DIRECTIONS:
Only the lines from the one containing "Honda CR-V Hybrid Vehicle Image 11" to the end of the records should be given again, word for word and in full.

(Items listed in a dataset)
::::::

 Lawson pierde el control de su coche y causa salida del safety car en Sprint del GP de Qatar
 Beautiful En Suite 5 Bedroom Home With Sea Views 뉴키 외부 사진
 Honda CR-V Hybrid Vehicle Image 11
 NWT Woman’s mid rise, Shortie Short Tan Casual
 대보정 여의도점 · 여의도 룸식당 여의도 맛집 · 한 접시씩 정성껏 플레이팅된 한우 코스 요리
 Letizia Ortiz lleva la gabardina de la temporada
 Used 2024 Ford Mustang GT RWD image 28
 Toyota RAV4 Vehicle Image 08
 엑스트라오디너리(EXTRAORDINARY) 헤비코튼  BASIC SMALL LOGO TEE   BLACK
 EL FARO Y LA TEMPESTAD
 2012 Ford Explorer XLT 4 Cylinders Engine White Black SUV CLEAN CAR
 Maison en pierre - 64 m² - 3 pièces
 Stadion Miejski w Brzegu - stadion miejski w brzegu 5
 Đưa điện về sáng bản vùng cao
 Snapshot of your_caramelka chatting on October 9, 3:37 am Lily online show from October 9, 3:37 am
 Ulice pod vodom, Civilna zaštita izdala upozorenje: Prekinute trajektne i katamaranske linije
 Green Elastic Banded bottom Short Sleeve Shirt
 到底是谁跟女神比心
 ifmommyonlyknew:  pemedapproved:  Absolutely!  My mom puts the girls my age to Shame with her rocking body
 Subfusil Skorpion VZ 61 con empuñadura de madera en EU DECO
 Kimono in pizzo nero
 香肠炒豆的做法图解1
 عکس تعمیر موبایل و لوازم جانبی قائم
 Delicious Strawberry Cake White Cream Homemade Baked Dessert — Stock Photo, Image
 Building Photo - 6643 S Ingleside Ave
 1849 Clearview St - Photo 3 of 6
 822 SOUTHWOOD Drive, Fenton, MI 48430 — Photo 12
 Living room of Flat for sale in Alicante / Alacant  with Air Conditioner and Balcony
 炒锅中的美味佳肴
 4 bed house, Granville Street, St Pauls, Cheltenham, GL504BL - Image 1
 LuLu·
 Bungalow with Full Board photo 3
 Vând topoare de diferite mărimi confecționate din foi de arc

::::::

ANSWER AREA:
 Honda CR-V Hybrid Vehicle Image 11
 NWT Woman’s mid rise, Shortie Short Tan Casual
 대보정 여의도점 · 여의도 룸식당 여의도 맛집 · 한 접시씩 정성껏 플레이팅된 한우 코스 요리
 Letizia Ortiz lleva la gabardina de la temporada
 Used 2024 Ford Mustang GT RWD image 28
 Toyota RAV4 Vehicle Image 08
 엑스트라오디너리(EXTRAORDINARY) 헤비코튼  BASIC SMALL LOGO TEE   BLACK
 EL FARO Y LA TEMPESTAD
 2012 Ford Explorer XLT 4 Cylinders Engine White Black SUV CLEAN CAR
 Maison en pierre - 64 m² - 3 pièces
 Stadion Miejski w Brzegu - stadion miejski w brzegu 5
 Đưa điện về sáng bản vùng cao
 Snapshot of your_caramelka chatting on October 9, 3:37 am Lily online show from October 9, 3:37 am
 Ulice pod vodom, Civilna zaštita izdala upozorenje: Prekinute trajektne i katamaranske linije
 Green Elastic Banded bottom Short Sleeve Shirt
 到底是谁跟女神比心
 ifmommyonlyknew:  pemedapproved:  Absolutely!  My mom puts the girls my age to Shame with her rocking body
 Subfusil Skorpion VZ 61 con empuñadura de madera en EU DECO
 Kimono in pizzo nero
 香肠炒豆的做法图解1
 عکس تعمیر موبایل و لوازم جانبی قائم
 Delicious Strawberry Cake White Cream Homemade Baked Dessert — Stock Photo, Image
 Building Photo - 6643 S Ingleside Ave
 1849 Clearview St - Photo 3 of 6
 822 SOUTHWOOD Drive, Fenton, MI 48430 — Photo 12
 Living room of Flat for sale in Alicante / Alacant  with Air Conditioner and Balcony
 炒锅中的美味佳肴
 4 bed house, Granville Street, St Pauls, Cheltenham, GL504BL - Image 1
 LuLu·
 Bungalow with Full Board photo 3
 Vând topoare de diferite mărimi confecționate din foi de arc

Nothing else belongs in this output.